Zuballoc: A hard real-time sub-allocator

Justus2308 · April 15, 2025, 3:51pm

Hey guys, I’ve implemented a hard real-time allocator based on the OffsetAllocator by sebbbi in pure Zig. It is suitable for sub-allocating any resource and uses the floating-point value distribution for binning.
The ‘preferred’ way to use it is to store the index of the allocation metadata alongside the pointer returned by an alloc function but there is also a working Allocator interface which stores metadata next to the actual allocation.
Let me know what you think!

kj4tmp · April 16, 2025, 1:35am

Welcome to ziggit!

Super cool!

Could you elaborate on the meaning of “hard real-time”?

What makes this implementation especially suited for real time use cases? Because it offers a deterministic latency for allocation?

If the backing allocator is still making system calls, does it defeat the purpose of your allocator?

Justus2308 · April 16, 2025, 8:57am

Hey, thank you!

I think the exact definition of hard real-time is a little fuzzy, but what I mean by it is that this allocator will finish its operations in about the same amount of time every time, without any major outliers.

For example I wouldn’t consider DLmalloc (an allocator used by Android (?)) hard real-time, because although its speed of operation is very consistent most of the time, it postpones coalescing all the free nodes until it actually runs into space problems and then coalesces them all at once which leads to very good average but very bad worst-case performance.

This implementation offers true, non-amortized O(1) time complexity for alloc and free operations. It does this by not using any loops, but instead bit sets and bitwise operations (mainly count-trailing-zeroes) to find nodes that hold enough memory to satisfy a request.
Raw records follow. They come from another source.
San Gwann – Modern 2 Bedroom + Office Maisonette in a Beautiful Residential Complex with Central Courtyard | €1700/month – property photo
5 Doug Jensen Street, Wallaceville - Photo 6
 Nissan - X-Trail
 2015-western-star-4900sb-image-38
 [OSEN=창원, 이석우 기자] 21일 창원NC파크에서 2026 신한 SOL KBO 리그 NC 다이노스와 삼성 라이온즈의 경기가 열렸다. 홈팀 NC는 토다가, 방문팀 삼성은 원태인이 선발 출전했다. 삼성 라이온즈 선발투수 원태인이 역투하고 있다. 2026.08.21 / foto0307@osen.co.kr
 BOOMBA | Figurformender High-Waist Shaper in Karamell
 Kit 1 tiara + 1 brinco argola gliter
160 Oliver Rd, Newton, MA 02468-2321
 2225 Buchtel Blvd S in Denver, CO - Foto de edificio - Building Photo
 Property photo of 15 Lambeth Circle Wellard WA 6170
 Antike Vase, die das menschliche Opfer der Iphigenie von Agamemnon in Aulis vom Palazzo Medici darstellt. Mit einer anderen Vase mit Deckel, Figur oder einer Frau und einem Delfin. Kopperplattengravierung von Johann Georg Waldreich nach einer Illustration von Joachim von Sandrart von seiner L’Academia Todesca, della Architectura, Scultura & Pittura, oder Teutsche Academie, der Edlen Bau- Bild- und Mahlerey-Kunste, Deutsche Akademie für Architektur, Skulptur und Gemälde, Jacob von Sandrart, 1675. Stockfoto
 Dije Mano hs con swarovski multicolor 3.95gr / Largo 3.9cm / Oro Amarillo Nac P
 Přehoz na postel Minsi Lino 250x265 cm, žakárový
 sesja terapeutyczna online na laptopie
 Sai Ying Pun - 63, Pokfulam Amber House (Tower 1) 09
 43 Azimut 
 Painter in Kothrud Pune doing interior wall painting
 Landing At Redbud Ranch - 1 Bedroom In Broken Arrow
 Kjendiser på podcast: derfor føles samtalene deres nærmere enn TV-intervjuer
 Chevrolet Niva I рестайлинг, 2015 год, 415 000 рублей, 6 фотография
More precisely, the allocator will calculate the bin for a given size by converting it to an 8 bit float and interpreting the float as an int first. This results in a nice distribution across bins with 17 exact bins for small allocations (much less aggressive/wasteful than e.g. power-of-two binning). The bin sizes can be found here.

Then it tries to pop a node from the free list at its bin size. If there is none, it will instead query the bitsets for the next lowest set bit, which indicates that there are free nodes available in that bin. They will be oversized, but they will fit the allocation.

If there is any excess memory (because of an oversized bin or alignment) it will be put into a new node and put back into the free list at the appropriate bin to combat internal fragmentation.

The metadata for each node keeps track of its direct in-memory neighbors and will try to coalesce itself with them when it gets freed.

All of this works without any loops which results in guaranteed O(1) time complexity.

The gpa arg in the init function is maybe a little misleading, it is only used to allocate space for some bookkeeping, the allocations themselves don’t do any syscalls and only split up the memory supplied to the init function via buffer.

I hope this helps, thanks for your interest!